Sir,
Coexistence of two separate monoclonal hematological cancers poses challenges both
from the diagnostic as well as therapeutic perspectives. We describe the concurrent
hairy cell leukemia (HCL) and chronic lymphocytic leukemia (CLL) in a previously healthy
person.
A 68-year-old male presented with bicytopenia and 7 cm splenomegaly. There were no
B-symptoms, jaundice, or lymphadenopathy. Complete blood count showed a hemoglobin
of 6 g/dl, total WBC count 8100/mm3, neutrophils 9%, lymphocytes 90%, and platelets
28000/mm3. Direct Coombs test was negative. Peripheral smear examination confirmed
lymphocytosis with numerous small mature lymphocytes with clumped chromatin, many
smudge cells and a few medium-sized lymphocytes with indistinct nucleoli, weakly basophilic
cytoplasm, and irregular “hairy” margins [Figure 1a] and [b]. Immunophenotyping revealed lymphocytosis with 8% of cells strongly expressing CD25,
CD11c, CD103, and CD123, characteristic of HCL. However, 70% of lymphocytes were positive
for CD5, CD23, CD79b, SMIg and negative for FMC-7, typical of CLL [Figure 1c]. Trephine biopsy showed hypercellular marrow with lymphoid infiltration comprising
of widely spaced mononuclear cells surrounded by clear spaces (“fried egg” appearance)

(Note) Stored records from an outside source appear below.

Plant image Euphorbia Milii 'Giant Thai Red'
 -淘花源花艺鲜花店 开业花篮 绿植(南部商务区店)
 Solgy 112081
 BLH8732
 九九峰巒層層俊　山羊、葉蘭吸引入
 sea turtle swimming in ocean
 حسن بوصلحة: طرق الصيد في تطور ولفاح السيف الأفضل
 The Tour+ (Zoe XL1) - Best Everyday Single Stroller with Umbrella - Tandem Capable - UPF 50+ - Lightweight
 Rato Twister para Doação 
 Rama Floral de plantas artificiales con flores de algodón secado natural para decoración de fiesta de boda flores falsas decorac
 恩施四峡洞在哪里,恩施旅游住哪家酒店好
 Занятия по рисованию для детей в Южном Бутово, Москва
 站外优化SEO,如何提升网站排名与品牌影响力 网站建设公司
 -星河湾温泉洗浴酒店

consistent with HCL [Figure 1d].
Figure 1: (a) Peripheral smear with 3 chronic lymphocytic leukemia cells (solid arrows),
2 hairy cells (dashed arrows), 2 smudge cells, and severe thrombocytopenia (b) higher
magnification of the 2 hairy cells (c) distinct chronic lymphocytic leukemia and hairy
cell leukemia clonal population on flow cytometry (d) trephine biopsy demonstrating
typical “fried egg” appearance of hairy cell leukemia and diffuse infiltration by
chronic lymphocytic leukemia (e) peripheral smear 3 months after cladribine treatment,
showing persistence of chronic lymphocytic leukemia cells (solid arrows), disappearance
of hairy cells and normal platelet count (f) flow cytometry 3 months after cladribine
treatment, showing complete resolution of hairy cell leukemia clone
In the absence of leukocytosis and diffuse marrow infiltration, his CLL was considered
to be of Binet stage A and hence not warranting treatment. Bicytopenia and splenomegaly
were attributed to HCL, which was treated with cladribine 0.14 mg/kg/day infusion
over 2 h for 5 consecutive days. Three months later, the patient was asymptomatic
with no splenomegaly, hemoglobin 12 g/dl, WBC 6800/mm3, neutrophils 19%, lymphocytes
74%, monocytes 2%, and platelets 202000/mm3. Peripheral smear [Figure 1e] and flow cytometry [Figure 1f] confirmed total disappearance of HCL clone and persistence of CLL. Patient continues
to have no indication for treatment of CLL and will be monitored regularly.
CLL is the most common hematological cancer and can be found incidentally in conjunction
with other clonal malignancies. Coexistence of CLL with mantle cell lymphoma and melanoma
in a lymph node has previously been reported.[1] In a large retrospective review of 270 patients with CLL, Giné et al. had identified 3 cases of concurrent HCL.[2] Optimal evaluation of peripheral smear morphology can help to suspect such a dual
diagnosis. The additional investigations such as flow cytometry, bone marrow biopsy,
and immunoglobulin chain rearrangement studies should be used appropriately to confirm
the same. In most such patients, CLL is not the cause for the clinical features, and
hence, priority should be to treat the coexistent HCL.